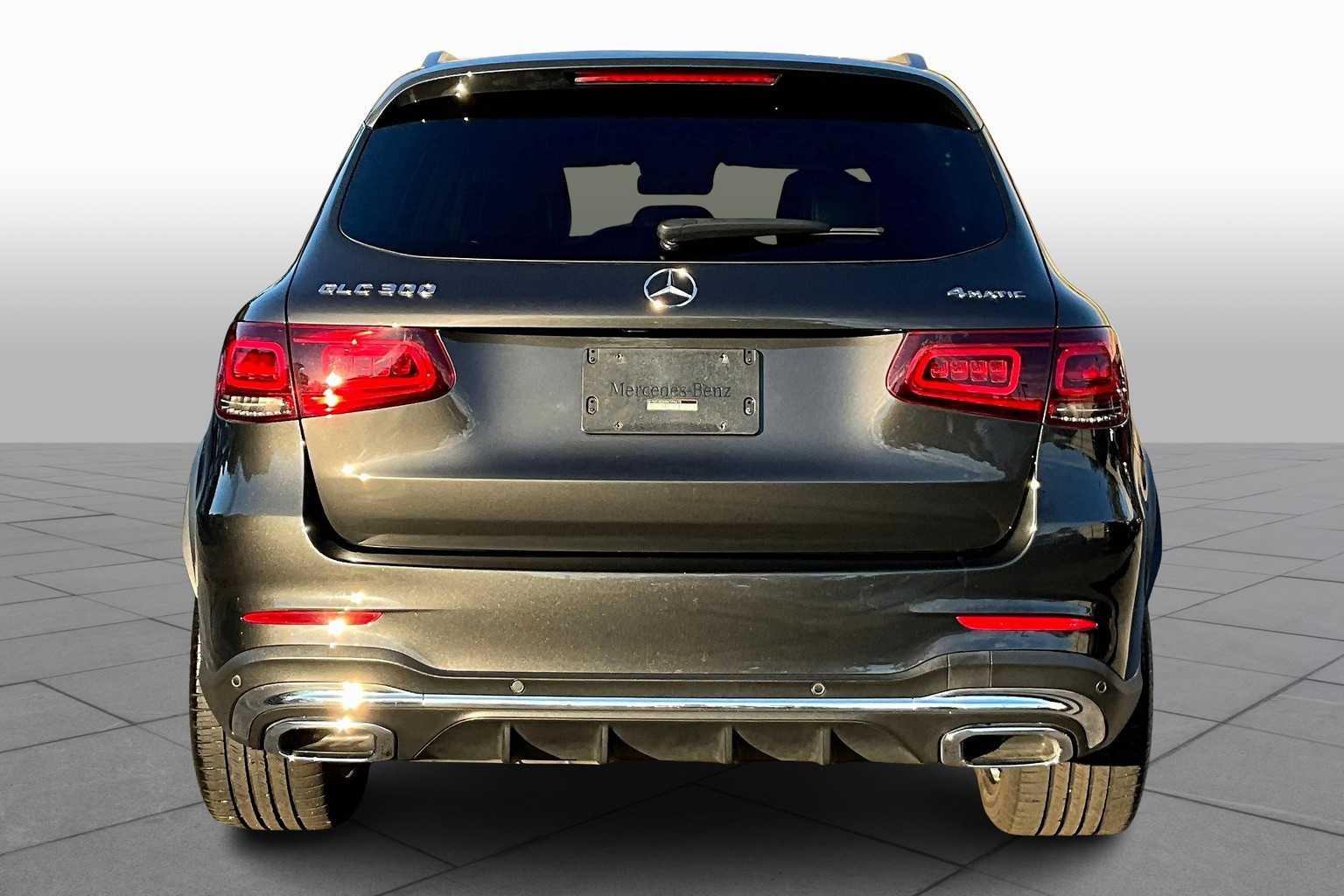2022 Mercedes Benz GLC 300 4MATIC photo 4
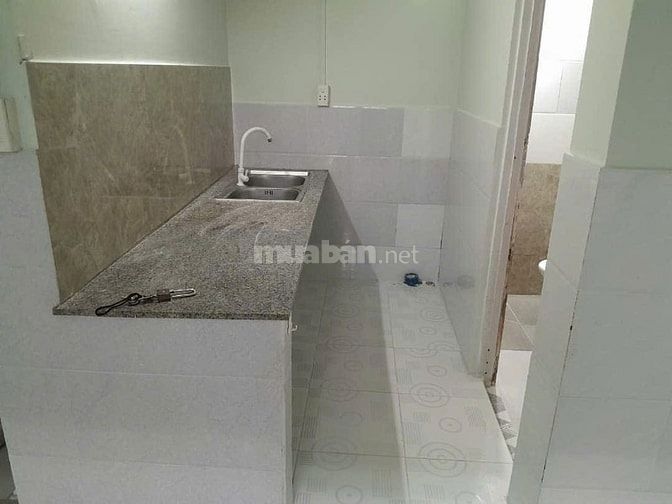 Nhà trọ mặt tiền hẻm thông dân cư đông đúc 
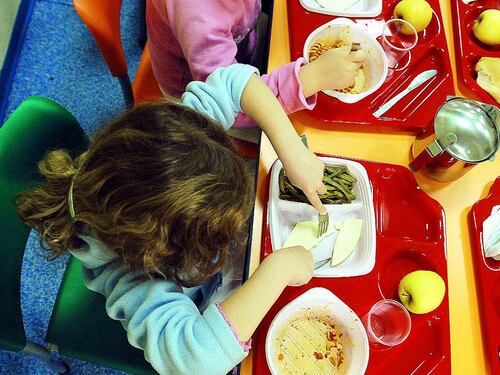 Scuola, il cibo avanzato si porta a casa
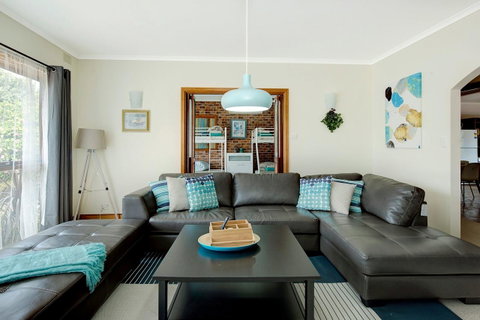 Sunryes Beach House - Food Delivery Shop 1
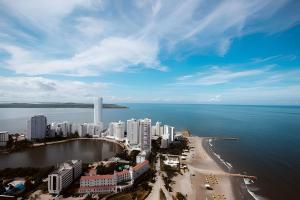 Laurdhomes Palmetto Beach Floor 32, Sea View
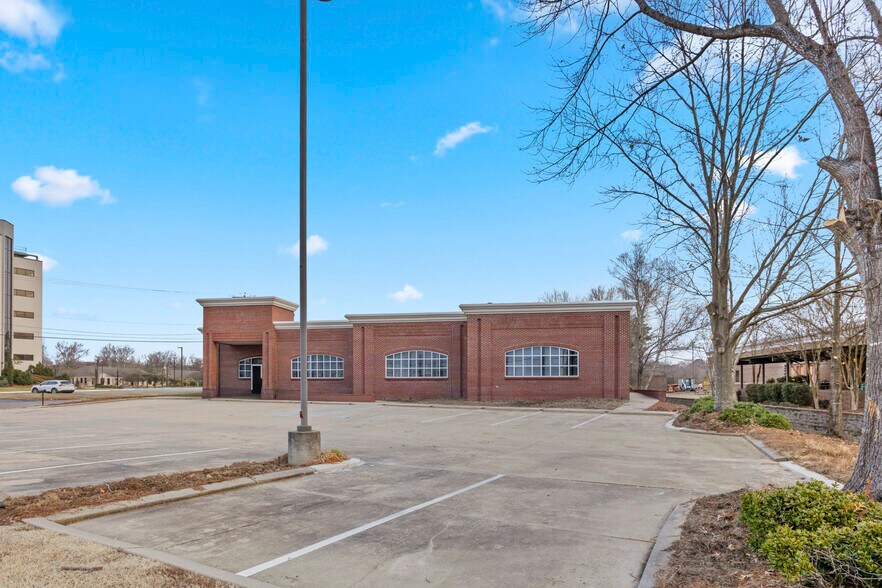 More Photos Of 2508 Lakeland Dr, Flowood Office For Lease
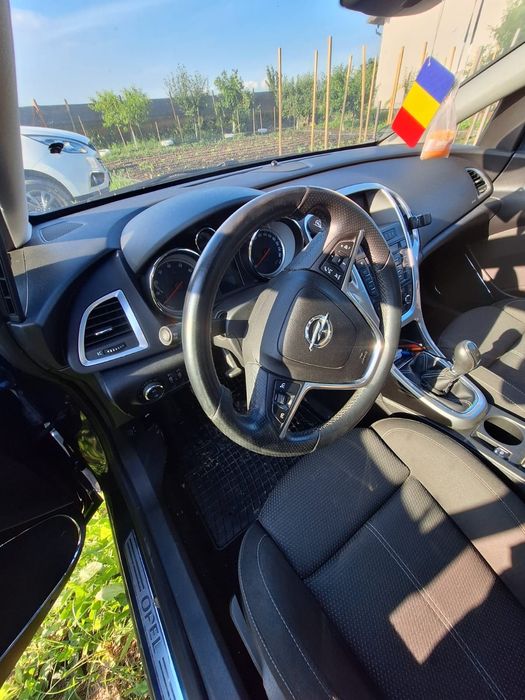 OPEL Astra 2012 — imagine 5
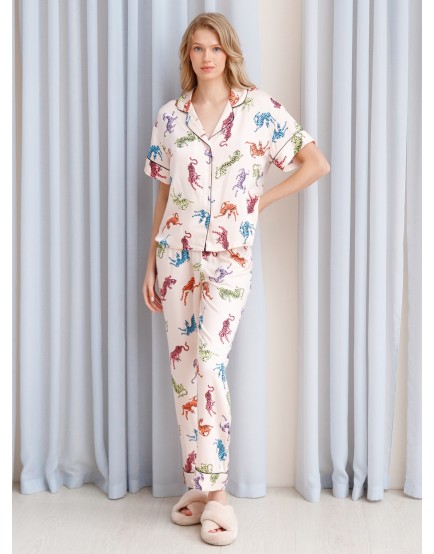 Женская домашняя пижама с анималистичным принтом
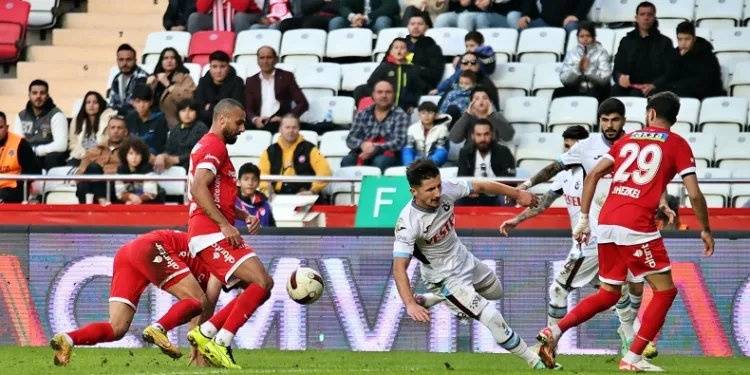 Trendyol Süper Lig: Antalyaspor: 1 – Trabzonspor: 1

_ _ _

*Problem requirements*. Take the listing above and print it exactly, apart from the pictures.

*The completed task*.
2022 Mercedes Benz GLC 300 4MATIC photo 4
 Nhà trọ mặt tiền hẻm thông dân cư đông đúc 
 Scuola, il cibo avanzato si porta a casa
 Sunryes Beach House - Food Delivery Shop 1
 Laurdhomes Palmetto Beach Floor 32, Sea View
 More Photos Of 2508 Lakeland Dr, Flowood Office For Lease
 OPEL Astra 2012 — imagine 5
 Женская домашняя пижама с анималистичным принтом
 Trendyol Süper Lig: Antalyaspor: 1 – Trabzonspor: 1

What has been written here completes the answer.